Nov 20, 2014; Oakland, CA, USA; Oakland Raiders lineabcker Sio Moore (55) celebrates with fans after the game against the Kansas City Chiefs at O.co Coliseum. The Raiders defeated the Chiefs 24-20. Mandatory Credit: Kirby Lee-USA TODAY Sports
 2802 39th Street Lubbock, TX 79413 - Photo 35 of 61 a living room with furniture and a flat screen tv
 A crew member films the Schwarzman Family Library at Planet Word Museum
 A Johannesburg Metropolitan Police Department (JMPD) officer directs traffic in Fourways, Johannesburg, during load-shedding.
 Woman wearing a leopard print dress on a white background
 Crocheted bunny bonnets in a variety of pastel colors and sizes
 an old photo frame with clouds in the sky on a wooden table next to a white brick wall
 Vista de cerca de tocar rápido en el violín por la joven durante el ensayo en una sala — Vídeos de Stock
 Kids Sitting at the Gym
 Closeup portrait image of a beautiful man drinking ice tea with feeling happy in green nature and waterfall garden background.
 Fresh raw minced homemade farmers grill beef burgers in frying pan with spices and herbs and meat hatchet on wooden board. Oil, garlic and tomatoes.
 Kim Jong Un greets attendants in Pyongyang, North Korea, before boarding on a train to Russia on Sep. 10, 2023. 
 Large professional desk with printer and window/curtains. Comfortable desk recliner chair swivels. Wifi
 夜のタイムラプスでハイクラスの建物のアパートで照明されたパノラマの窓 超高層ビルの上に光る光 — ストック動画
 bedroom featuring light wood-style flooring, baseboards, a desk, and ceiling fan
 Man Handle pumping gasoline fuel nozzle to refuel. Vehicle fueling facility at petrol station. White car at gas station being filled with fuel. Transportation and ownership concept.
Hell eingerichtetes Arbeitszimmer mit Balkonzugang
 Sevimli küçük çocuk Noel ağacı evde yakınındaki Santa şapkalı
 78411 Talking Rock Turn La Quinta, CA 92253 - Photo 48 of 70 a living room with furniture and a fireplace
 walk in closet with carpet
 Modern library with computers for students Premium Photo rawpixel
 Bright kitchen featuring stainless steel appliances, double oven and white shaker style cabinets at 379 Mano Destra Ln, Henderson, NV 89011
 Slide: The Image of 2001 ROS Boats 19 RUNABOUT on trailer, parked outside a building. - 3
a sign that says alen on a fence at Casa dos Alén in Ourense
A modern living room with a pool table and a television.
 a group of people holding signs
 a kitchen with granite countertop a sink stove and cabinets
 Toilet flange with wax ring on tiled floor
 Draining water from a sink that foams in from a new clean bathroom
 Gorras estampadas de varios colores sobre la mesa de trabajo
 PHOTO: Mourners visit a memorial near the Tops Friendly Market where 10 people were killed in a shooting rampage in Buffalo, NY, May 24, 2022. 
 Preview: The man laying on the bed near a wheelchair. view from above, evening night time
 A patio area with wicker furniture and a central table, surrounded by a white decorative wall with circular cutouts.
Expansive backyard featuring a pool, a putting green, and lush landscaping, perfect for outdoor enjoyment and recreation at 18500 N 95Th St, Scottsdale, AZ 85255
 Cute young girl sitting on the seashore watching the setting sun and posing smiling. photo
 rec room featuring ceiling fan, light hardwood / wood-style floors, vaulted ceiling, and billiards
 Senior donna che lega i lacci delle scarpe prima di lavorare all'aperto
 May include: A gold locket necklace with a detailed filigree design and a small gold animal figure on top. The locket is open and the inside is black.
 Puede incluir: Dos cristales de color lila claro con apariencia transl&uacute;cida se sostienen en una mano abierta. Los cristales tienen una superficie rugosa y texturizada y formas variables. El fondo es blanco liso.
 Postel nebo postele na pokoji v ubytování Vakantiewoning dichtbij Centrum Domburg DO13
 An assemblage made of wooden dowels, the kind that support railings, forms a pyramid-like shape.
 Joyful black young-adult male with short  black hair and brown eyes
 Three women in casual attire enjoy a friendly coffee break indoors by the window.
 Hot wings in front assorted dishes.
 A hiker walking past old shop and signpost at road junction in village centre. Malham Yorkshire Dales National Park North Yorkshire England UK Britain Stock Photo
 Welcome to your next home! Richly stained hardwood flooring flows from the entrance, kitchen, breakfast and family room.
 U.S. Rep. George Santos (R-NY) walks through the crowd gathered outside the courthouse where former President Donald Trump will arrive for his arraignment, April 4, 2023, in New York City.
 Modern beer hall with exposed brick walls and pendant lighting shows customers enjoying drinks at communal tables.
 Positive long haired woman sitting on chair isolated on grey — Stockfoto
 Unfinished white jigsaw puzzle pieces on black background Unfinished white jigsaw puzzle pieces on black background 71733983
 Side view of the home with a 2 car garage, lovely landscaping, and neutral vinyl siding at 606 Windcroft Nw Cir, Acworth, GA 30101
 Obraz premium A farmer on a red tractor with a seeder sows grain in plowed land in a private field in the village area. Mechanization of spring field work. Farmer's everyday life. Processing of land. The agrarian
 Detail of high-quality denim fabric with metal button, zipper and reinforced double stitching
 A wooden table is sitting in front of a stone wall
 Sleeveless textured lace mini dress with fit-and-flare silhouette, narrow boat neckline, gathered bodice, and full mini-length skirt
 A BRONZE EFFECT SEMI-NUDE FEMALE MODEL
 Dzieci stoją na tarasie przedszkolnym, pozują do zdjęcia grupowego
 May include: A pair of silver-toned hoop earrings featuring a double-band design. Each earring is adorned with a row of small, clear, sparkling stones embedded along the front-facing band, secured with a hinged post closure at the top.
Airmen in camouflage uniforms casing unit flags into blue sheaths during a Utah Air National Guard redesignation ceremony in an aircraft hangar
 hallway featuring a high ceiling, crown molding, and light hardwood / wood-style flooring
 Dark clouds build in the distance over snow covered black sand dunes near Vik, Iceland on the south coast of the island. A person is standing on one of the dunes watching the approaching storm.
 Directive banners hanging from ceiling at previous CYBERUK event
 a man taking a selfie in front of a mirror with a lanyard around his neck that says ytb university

####################

=== Your assignment ===
Your task is to repeat the entries exactly.

=== Response ===
Nov 20, 2014; Oakland, CA, USA; Oakland Raiders lineabcker Sio Moore (55) celebrates with fans after the game against the Kansas City Chiefs at O.co Coliseum. The Raiders defeated the Chiefs 24-20. Mandatory Credit: Kirby Lee-USA TODAY Sports
 2802 39th Street Lubbock, TX 79413 - Photo 35 of 61 a living room with furniture and a flat screen tv
 A crew member films the Schwarzman Family Library at Planet Word Museum
 A Johannesburg Metropolitan Police Department (JMPD) officer directs traffic in Fourways, Johannesburg, during load-shedding.
 Woman wearing a leopard print dress on a white background
 Crocheted bunny bonnets in a variety of pastel colors and sizes
 an old photo frame with clouds in the sky on a wooden table next to a white brick wall
 Vista de cerca de tocar rápido en el violín por la joven durante el ensayo en una sala — Vídeos de Stock
 Kids Sitting at the Gym
 Closeup portrait image of a beautiful man drinking ice tea with feeling happy in green nature and waterfall garden background.
 Fresh raw minced homemade farmers grill beef burgers in frying pan with spices and herbs and meat hatchet on wooden board. Oil, garlic and tomatoes.
 Kim Jong Un greets attendants in Pyongyang, North Korea, before boarding on a train to Russia on Sep. 10, 2023. 
 Large professional desk with printer and window/curtains. Comfortable desk recliner chair swivels. Wifi
 夜のタイムラプスでハイクラスの建物のアパートで照明されたパノラマの窓 超高層ビルの上に光る光 — ストック動画
 bedroom featuring light wood-style flooring, baseboards, a desk, and ceiling fan
 Man Handle pumping gasoline fuel nozzle to refuel. Vehicle fueling facility at petrol station. White car at gas station being filled with fuel. Transportation and ownership concept.
Hell eingerichtetes Arbeitszimmer mit Balkonzugang
 Sevimli küçük çocuk Noel ağacı evde yakınındaki Santa şapkalı
 78411 Talking Rock Turn La Quinta, CA 92253 - Photo 48 of 70 a living room with furniture and a fireplace
 walk in closet with carpet
 Modern library with computers for students Premium Photo rawpixel
 Bright kitchen featuring stainless steel appliances, double oven and white shaker style cabinets at 379 Mano Destra Ln, Henderson, NV 89011
 Slide: The Image of 2001 ROS Boats 19 RUNABOUT on trailer, parked outside a building. - 3
a sign that says alen on a fence at Casa dos Alén in Ourense
A modern living room with a pool table and a television.
 a group of people holding signs
 a kitchen with granite countertop a sink stove and cabinets
 Toilet flange with wax ring on tiled floor
 Draining water from a sink that foams in from a new clean bathroom
 Gorras estampadas de varios colores sobre la mesa de trabajo
 PHOTO: Mourners visit a memorial near the Tops Friendly Market where 10 people were killed in a shooting rampage in Buffalo, NY, May 24, 2022. 
 Preview: The man laying on the bed near a wheelchair. view from above, evening night time
 A patio area with wicker furniture and a central table, surrounded by a white decorative wall with circular cutouts.
Expansive backyard featuring a pool, a putting green, and lush landscaping, perfect for outdoor enjoyment and recreation at 18500 N 95Th St, Scottsdale, AZ 85255
 Cute young girl sitting on the seashore watching the setting sun and posing smiling. photo
 rec room featuring ceiling fan, light hardwood / wood-style floors, vaulted ceiling, and billiards
 Senior donna che lega i lacci delle scarpe prima di lavorare all'aperto
 May include: A gold locket necklace with a detailed filigree design and a small gold animal figure on top. The locket is open and the inside is black.
 Puede incluir: Dos cristales de color lila claro con apariencia transl&uacute;cida se sostienen en una mano abierta. Los cristales tienen una superficie rugosa y texturizada y formas variables. El fondo es blanco liso.
 Postel nebo postele na pokoji v ubytování Vakantiewoning dichtbij Centrum Domburg DO13
 An assemblage made of wooden dowels, the kind that support railings, forms a pyramid-like shape.
 Joyful black young-adult male with short  black hair and brown eyes
 Three women in casual attire enjoy a friendly coffee break indoors by the window.
 Hot wings in front assorted dishes.
 A hiker walking past old shop and signpost at road junction in village centre. Malham Yorkshire Dales National Park North Yorkshire England UK Britain Stock Photo
 Welcome to your next home! Richly stained hardwood flooring flows from the entrance, kitchen, breakfast and family room.
 U.S. Rep. George Santos (R-NY) walks through the crowd gathered outside the courthouse where former President Donald Trump will arrive for his arraignment, April 4, 2023, in New York City.
 Modern beer hall with exposed brick walls and pendant lighting shows customers enjoying drinks at communal tables.
 Positive long haired woman sitting on chair isolated on grey — Stockfoto
 Unfinished white jigsaw puzzle pieces on black background Unfinished white jigsaw puzzle pieces on black background 71733983
 Side view of the home with a 2 car garage, lovely landscaping, and neutral vinyl siding at 606 Windcroft Nw Cir, Acworth, GA 30101
 Obraz premium A farmer on a red tractor with a seeder sows grain in plowed land in a private field in the village area. Mechanization of spring field work. Farmer's everyday life. Processing of land. The agrarian
 Detail of high-quality denim fabric with metal button, zipper and reinforced double stitching
 A wooden table is sitting in front of a stone wall
 Sleeveless textured lace mini dress with fit-and-flare silhouette, narrow boat neckline, gathered bodice, and full mini-length skirt
 A BRONZE EFFECT SEMI-NUDE FEMALE MODEL
 Dzieci stoją na tarasie przedszkolnym, pozują do zdjęcia grupowego
 May include: A pair of silver-toned hoop earrings featuring a double-band design. Each earring is adorned with a row of small, clear, sparkling stones embedded along the front-facing band, secured with a hinged post closure at the top.
Airmen in camouflage uniforms casing unit flags into blue sheaths during a Utah Air National Guard redesignation ceremony in an aircraft hangar
 hallway featuring a high ceiling, crown molding, and light hardwood / wood-style flooring
 Dark clouds build in the distance over snow covered black sand dunes near Vik, Iceland on the south coast of the island. A person is standing on one of the dunes watching the approaching storm.
 Directive banners hanging from ceiling at previous CYBERUK event
 a man taking a selfie in front of a mirror with a lanyard around his neck that says ytb university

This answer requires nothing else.